Wavebreaking-associated transmitted emission of attosecond extreme-ultraviolet pulses from laser-driven overdense plasmas

TL;DR

This paper introduces a novel mechanism for generating attosecond extreme-ultraviolet pulses from laser-driven overdense plasmas, highlighting the role of plasma-density oscillations post-wavebreaking.

Contribution

It reveals a new XUV emission mechanism involving plasma-density oscillations and their coupling with transverse fields in overdense plasmas.

Findings

XUV emission is mainly due to plasma-density oscillations after wavebreaking.

The emitted frequencies are centered around the local plasma frequency.

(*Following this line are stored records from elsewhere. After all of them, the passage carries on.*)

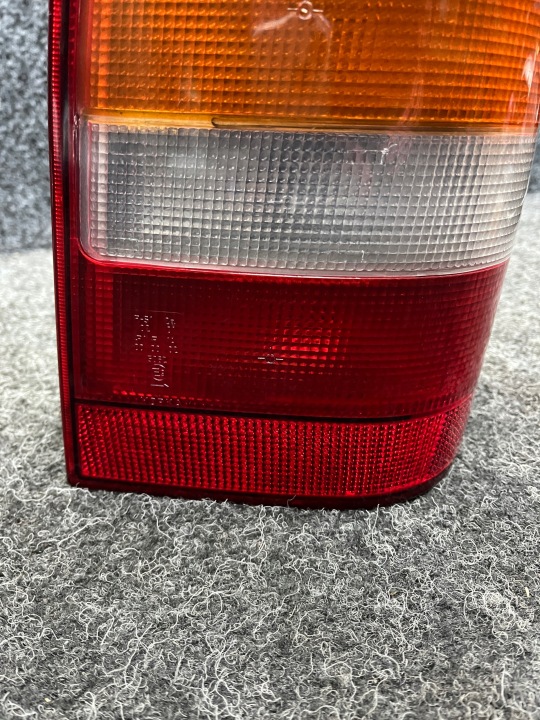 фото №7, Mercedes vito w638 фара праве зад oem номер європа 6388201364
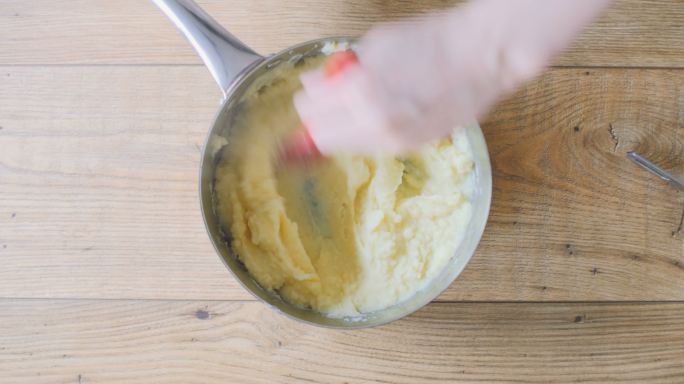 做土豆泥俯拍视角家庭生活俄罗斯美食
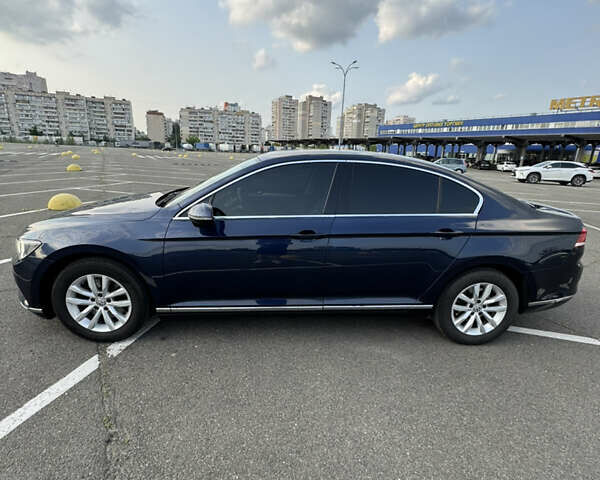 Синий Фольксваген Пассат, объемом двигателя 1.97 л и пробегом 266 тыс. км за 14700 $, фото 2 на Automoto.ua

The mechanism offers new insights into laser-plasma interaction dynamics.

Abstract

We present a new mechanism of attosecond extreme-ultraviolet (XUV) pulses generation from a relativistic laser-driven overdense plasma surfaces in the wavebreaking regime. Through particle-in-cell simulations and analysis, we demonstrate that the observed ultrashort XUV emission for the parameters we considered is predominantly due to a strong plasma-density oscillation subsequent to wavebreaking. The coupling of the strong density variation and the transverse fields in the front surface layer gives rise to the transmitted emission with frequencies mainly around the local plasma frequency. This mechanism provides new insights into the scenarios of XUV generation from solid surfaces and the dynamics of laser-plasma interactions.